EXERCISE INSTRUCTIONS
Should the listing contain images, exclude them; give the rest again exactly.

RECORDS FOR THIS EXERCISE
=-=-=
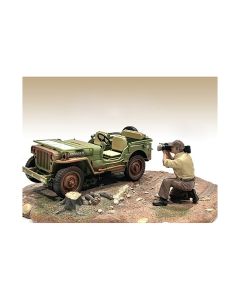 1/18 Scale 4X4 Mechanic Figure 7 by American Diorama Model Accessory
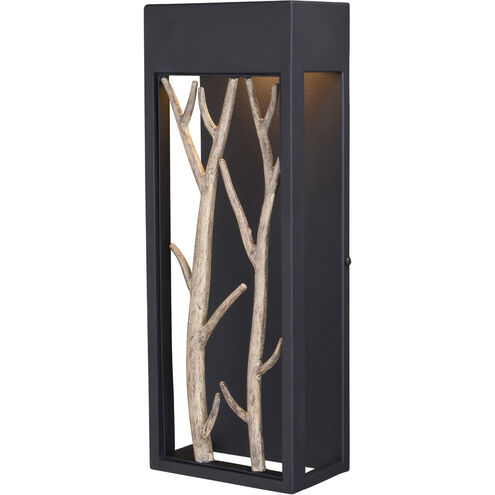Ocala LED 15.5 inch Textured Black and Poplar Outdoor Wall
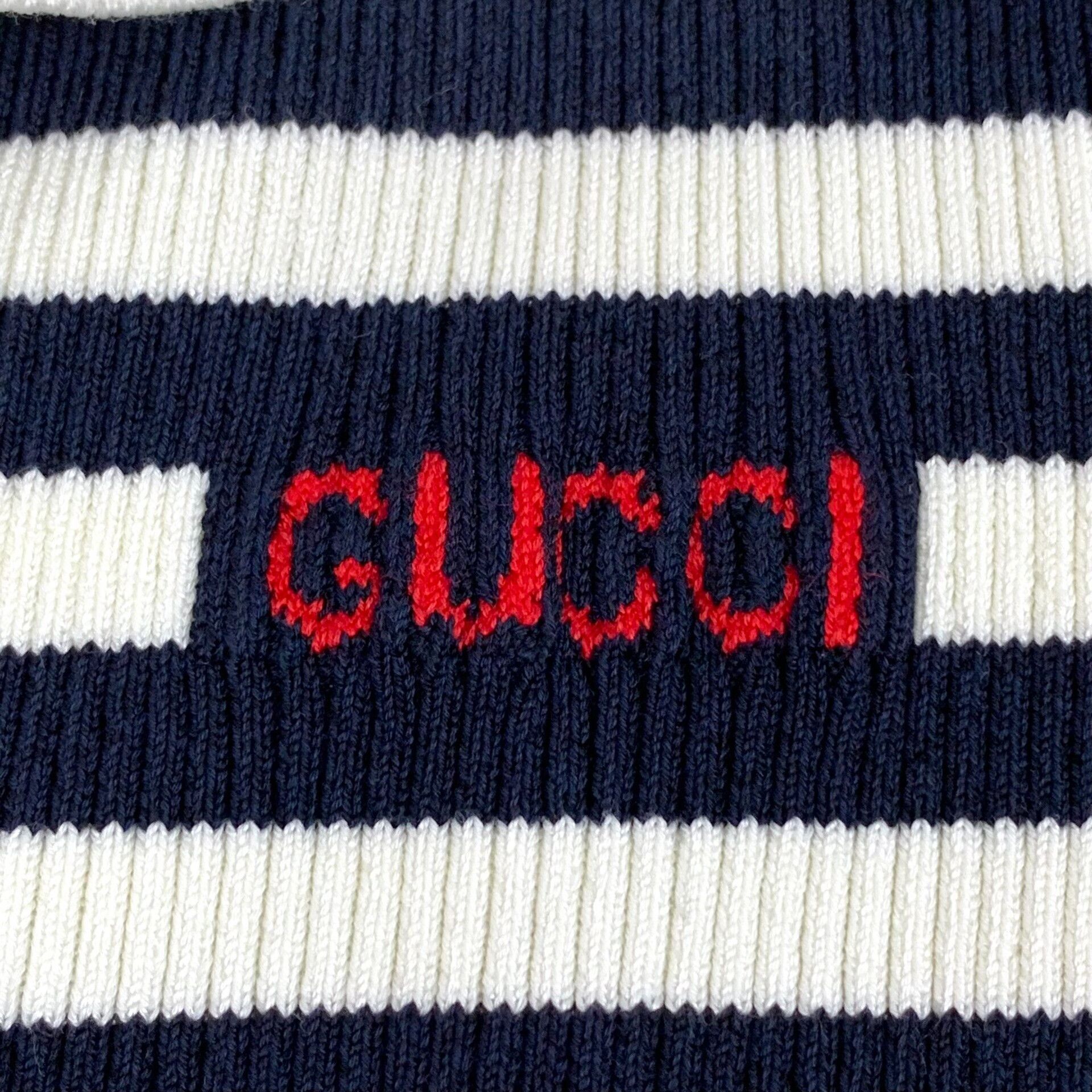 Gucci Gucci Striped Logo Knit Polo Size M Size M / US 6-8 / IT 42-44 - 6 Thumbnail
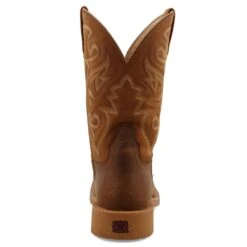 'Twisted X' Men's 11" Tech X™ Western Square Toe - Saddle / Rustic Orange -Outland Style Shop MXTR005.04 4800x4800 R 1024x1024@2x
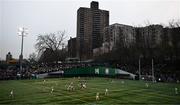 8 April 2023; A general view of action during the Connacht GAA Football Senior Championship quarter-final match between New York and Leitrim at Gaelic Park in New York, USA. Photo by David Fitzgerald/Sportsfile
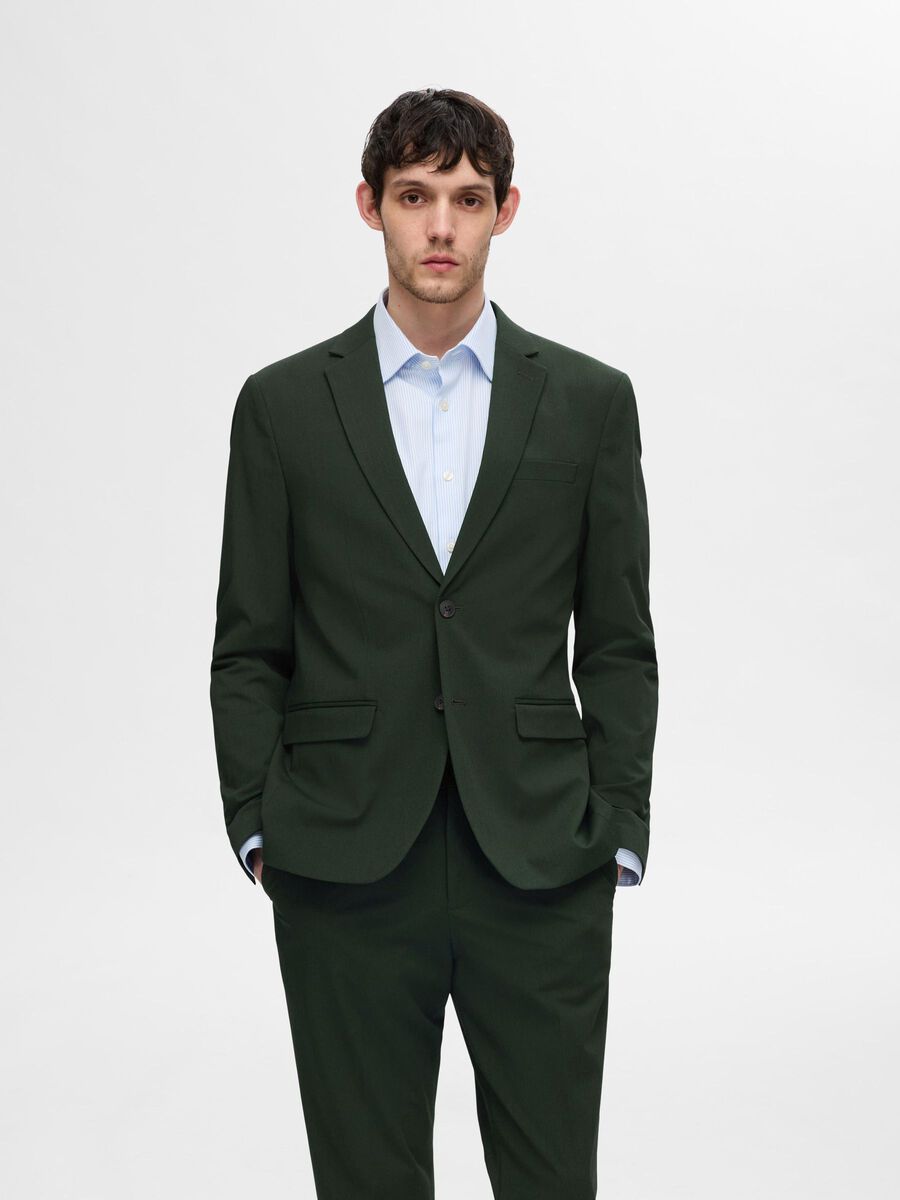 Selected VISCOSEMIX SLIM FIT BLAZER, Forest Night, highres - 16087824_ForestNight_003.jpg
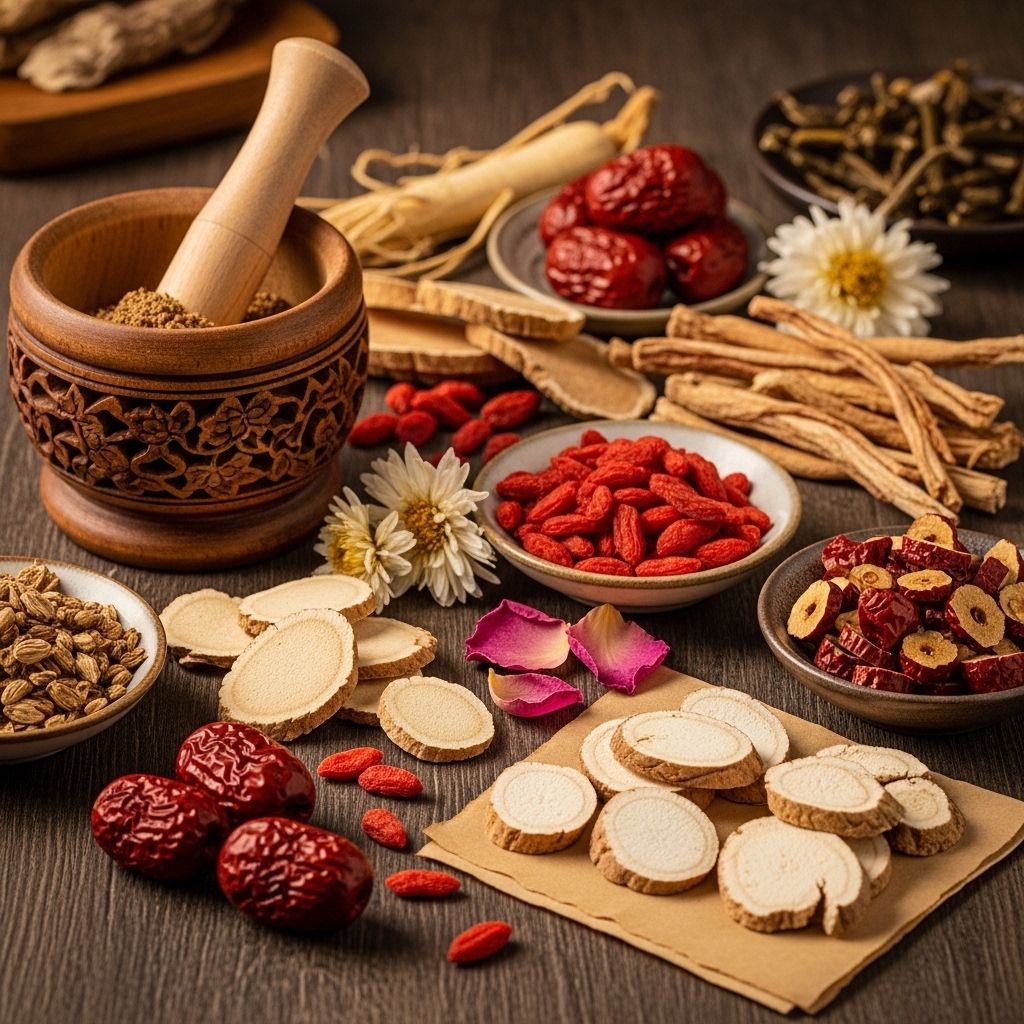 Chinese Herbs for Blood Flow (Xue Huò) and Skin: Ancient Remedies for Modern Wellness Time-honored botanicals working at the source to enhance circulation and a radiant complexion.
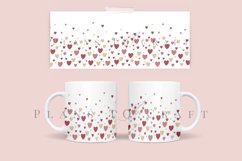 bundle retro groovy valentine coffee glass wrap svg glass mug svg presized for 11oz and 15oz glass ready to cut and sublimation files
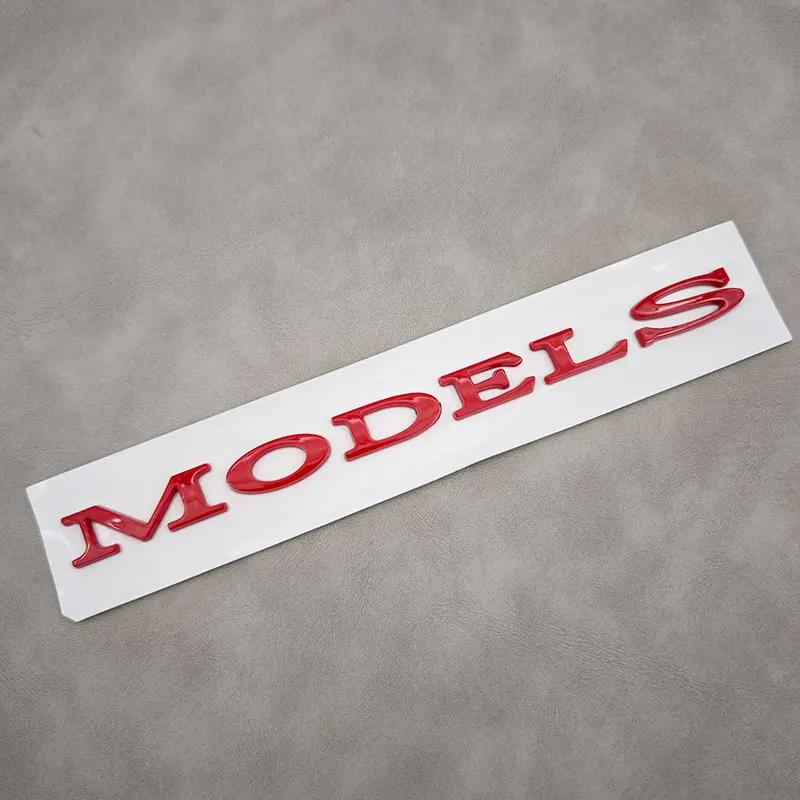3D ABS Black Model 3 Letters Logo Car Rear Trunk Badge Sticker For Tesla Model 3 X S Y Auto Decal Accessories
=-=-=
EXERCISE ANSWER
 1/18 Scale 4X4 Mechanic Figure 7 by American Diorama Model Accessory
Ocala LED 15.5 inch Textured Black and Poplar Outdoor Wall
 Gucci Gucci Striped Logo Knit Polo Size M Size M / US 6-8 / IT 42-44 - 6 Thumbnail
 'Twisted X' Men's 11" Tech X™ Western Square Toe - Saddle / Rustic Orange -Outland Style Shop MXTR005.04 4800x4800 R 1024x1024@2x
 8 April 2023; A general view of action during the Connacht GAA Football Senior Championship quarter-final match between New York and Leitrim at Gaelic Park in New York, USA. Photo by David Fitzgerald/Sportsfile
 Selected VISCOSEMIX SLIM FIT BLAZER, Forest Night, highres - 16087824_ForestNight_003.jpg
 Chinese Herbs for Blood Flow (Xue Huò) and Skin: Ancient Remedies for Modern Wellness Time-honored botanicals working at the source to enhance circulation and a radiant complexion.
 bundle retro groovy valentine coffee glass wrap svg glass mug svg presized for 11oz and 15oz glass ready to cut and sublimation files
3D ABS Black Model 3 Letters Logo Car Rear Trunk Badge Sticker For Tesla Model 3 X S Y Auto Decal Accessories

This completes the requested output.